Gary Skoien, the Cook County Republican chairman, is gamely trying to rebuild his moribund party, but, to use a literary allusion, he’s sort of like Captain Ahab in relentless pursuit of Moby Dick; however, instead of harpooning the legendary “White Whale,” he’s shooting himself in the foot and tossing his sailors overboard.
And on Edgar and the Republican Senate Debacle in the Making
Concerning Jim Edgar, absence does indeed make the heart grow fonder. So does desperation.
Republican strategists in Illinois, and particularly leaders in the General Assembly, where the party is hopelessly mired in the minority, have conveniently forgotten the fact that Edgar made permanent the 1989 “surcharge,” which raised the state income tax to 3 percent; and they’ve also forgotten that in 1997Edgar backed the idea of a “tax swap,” which would have decreased property taxes while raising the state income tax to pay for increased education spending. Those are decidedly “un-Republican” ideas.
But they remember that 1994 was the Republicans’ golden year, when Edgar was re-elected by a 914,468-vote margin and the party won every statewide office, took control of the Illinois House and kept control of the Illinois Senate. They hope Edgar will run for governor again, and that it will be deja vu in 2006.
Edgar, however, is doing his best rendition of Hamlet.
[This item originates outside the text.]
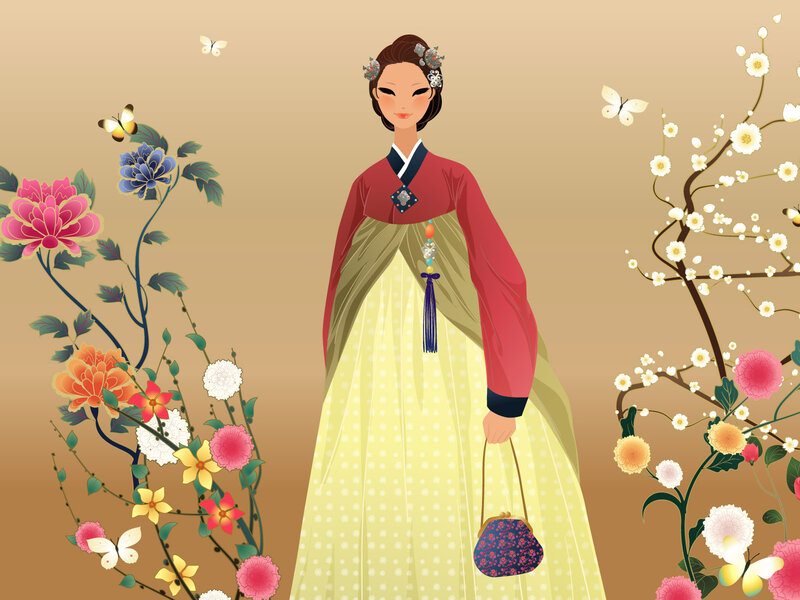 Woman in Hanbok — Yellow, Serene, Spring, Illustration, Flowers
One consequence is that the fractious Republican field for governor is frozen in place, awaiting his decision. Another is that party recruiting is on hold. Potential legislative candidates don’t want to risk running if they might be saddled by somebody like Jim Oberweis as their gubernatorial candidate. And yet others fear that Edgar, if he runs, would be attacked as the “pro-tax hike” candidate
To date, the major story in Springfield is the potential implosion of the Senate’s Republican minority. Seven GOP senators are retiring in 2006, of whom two have already resigned, and an eighth is vulnerable in a primary. The Democrats currently have a 32-27 majority, and that could very well balloon to 36-23 after the next election, making the Republicans irrelevant in the chamber. The seven retirees all represent suburban or Collar County districts, where a Republican should be an automatic victor. In fact, the Democratic-designed 2001 remap packed Republicans into those districts so as to make adjacent areas more Democratic.